▶ [Task item]: All lines from the one containing "6x4 MM Octagonal" through the final line of the records below should be reproduced exactly, with the pictures left out.

Image-caption web data:
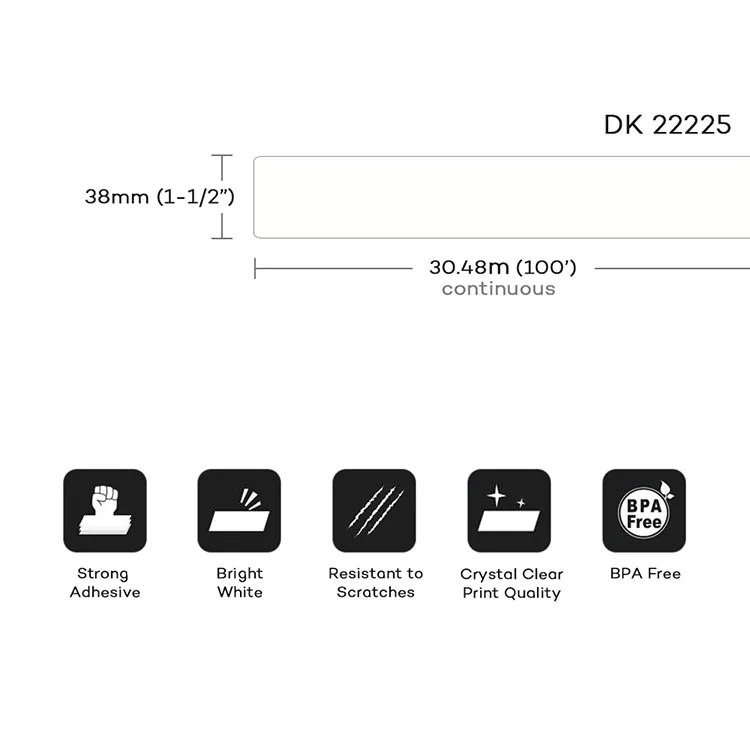 Brother DK-22210 DK2210 Thermal Label Continuous Length White Paper Tape 29 mm*30.48m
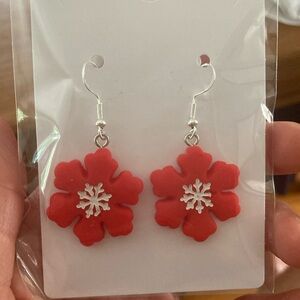 Poinsettia earrings.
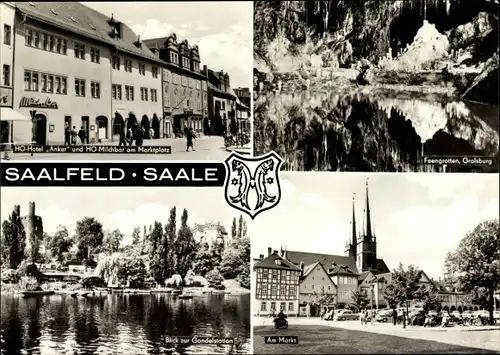 Ak Saalfeld an der Saale Thüringen, Am Markt, Blick zur Gondelstation, Ho-Hotel Anker, Ho-Milchbad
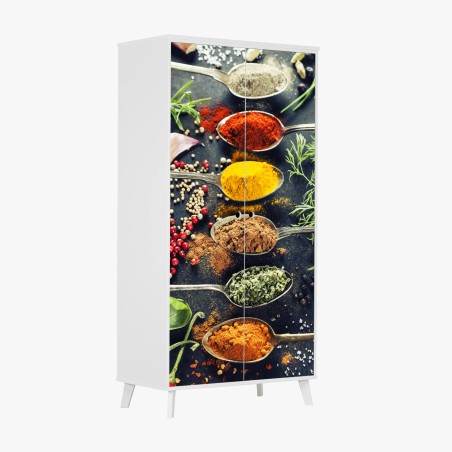 Adesivo per armadio vibrante composizione di spezie e erbe aromatiche • Wallissimo®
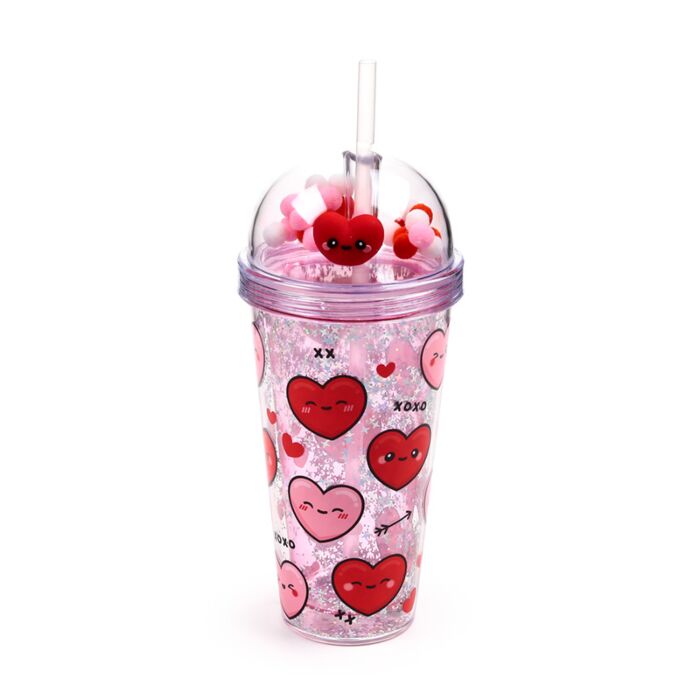 Vaso de Plástico de Doble Pared con Pajita y Adornos J´Adoramals Heart XOXO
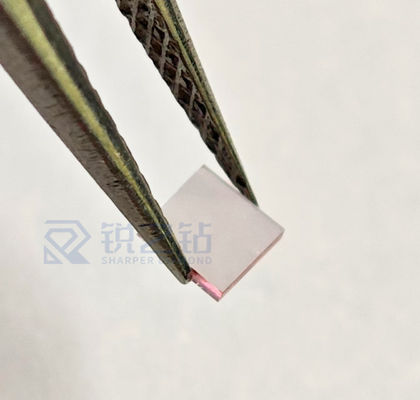 Optical Grade Pink CVD Diamond Plate 3x3x0.5mm Synthetic CVD Lab Grown Diamond
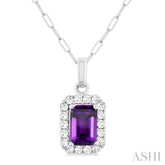 6x4 MM Octagonal Shape Amethyst and 1/6 Ctw Round Cut Diamond Halo Semi-Precious Pendant with Chain in 14K White Gold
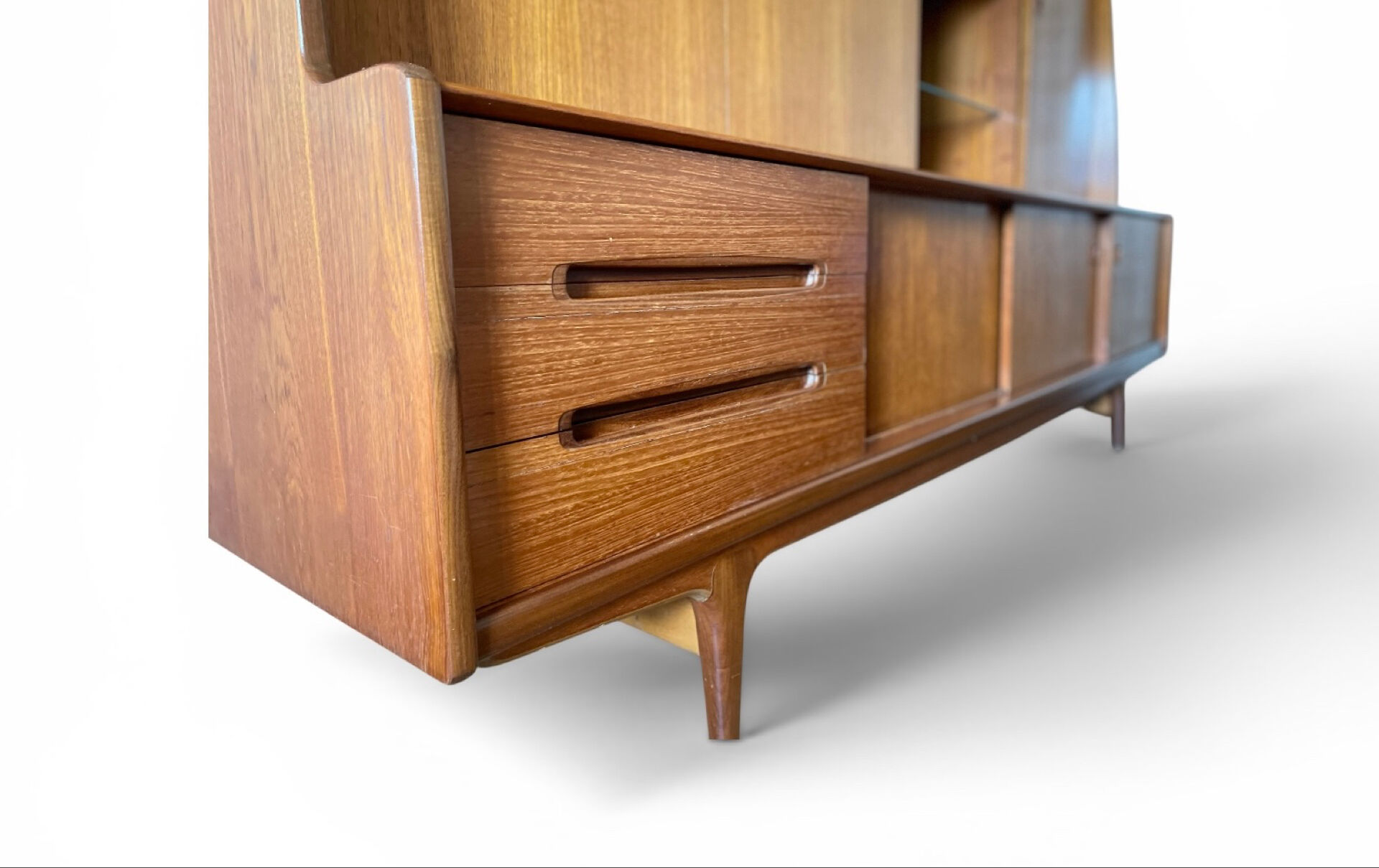 Scandinavian vintage teak library enfilade Denmark design -1960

▶ [Task result]:
 6x4 MM Octagonal Shape Amethyst and 1/6 Ctw Round Cut Diamond Halo Semi-Precious Pendant with Chain in 14K White Gold
 Scandinavian vintage teak library enfilade Denmark design -1960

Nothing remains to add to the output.